Cette disposition de chapelle double en hauteur demeure traditionnelle pendant les premiers siècles du moyen âge. Nous la voyons conservée encore dans la célèbre Sainte-Chapelle du Palais bâtie par saint Louis à Paris; mais ce n'était pas avec l'intention de consacrer la chapelle inférieure au dépôt des reliques. Au contraire, à Paris, c'est dans la chapelle haute que la couronne d'épines, les morceaux de la vraie croix et les saintes reliques recueillies par Louis IX furent déposés; la chapelle basse était réservée aux familiers du palais et au public; elle servit aussi de sépulture aux chanoines. De toutes les chapelles palatines qui existaient en France, celle de Paris est aujourd'hui la plus complète et l'une des plus anciennes. Elle fut commencée en 1242 ou 1245 et terminée en 1247, sur l'emplacement de deux oratoires, l'un bâti en 1154 en l'honneur de Notre-Dame, l'autre bâti en 1160 sous le titre de Saint-Nicolas. Jérôme Morand 347 prétend que c'est pour rappeler ces deux fondations que la Sainte-Chapelle actuelle est double. Nous voyons là plutôt l'influence de traditions antérieures, comme nous l'avons dit, et surtout une nécessité commandée par la disposition même du palais. Ainsi, la chapelle haute communiquait de plein pied avec les salles du premier étage et les appartements royaux, tandis que la chapelle basse, au niveau du sol extérieur, pouvait être abandonnée au public.

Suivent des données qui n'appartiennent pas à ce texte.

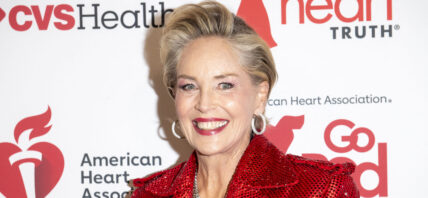 Sharon Stone at the American Heart Association's Go Red for Women Red Dress Collection Concert in New York, USA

De tous temps, cet édifice, dû au maître Pierre de Montereau, fut considéré avec raison comme un chef-d'oeuvre. Le roi saint Louis n'épargna rien pour en faire le plus brillant joyau de la capitale de ses domaines; et si une chose a lieu de nous étonner, c'est le peu de temps employé à sa construction. En prenant les dates les plus larges, on doit admettre que la Sainte-Chapelle fut fondée et complétement achevée dans l'espace de cinq ans; huit cent mille livres tournois auraient été employées à sa construction, à sa décoration et à l'acquisition des précieuses reliques qu'elle renfermait. Si l'on observe avec une scrupuleuse attention les caractères archéologiques de la Sainte-Chapelle, on est forcé de reconnaître l'exactitude des dates historiques. Le mode de construction et l'ornementation appartiennent à cette minime fraction du XIIIe siècle. Pendant les règnes de Philippe-Auguste et de saint Louis, les progrès de l'architecture sont si rapides, qu'une période de cinq années y introduit des modifications sensibles; or la plus grande unité règne dans l'édifice, de la base au sommet. Ce n'est plus la fermeté un peu rude des sommets de la façade de Notre-Dame de Paris (1230), et ce n'est pas encore, il s'en faut de beaucoup, la maigreur des deux extrémités des transsepts de la même église (1257).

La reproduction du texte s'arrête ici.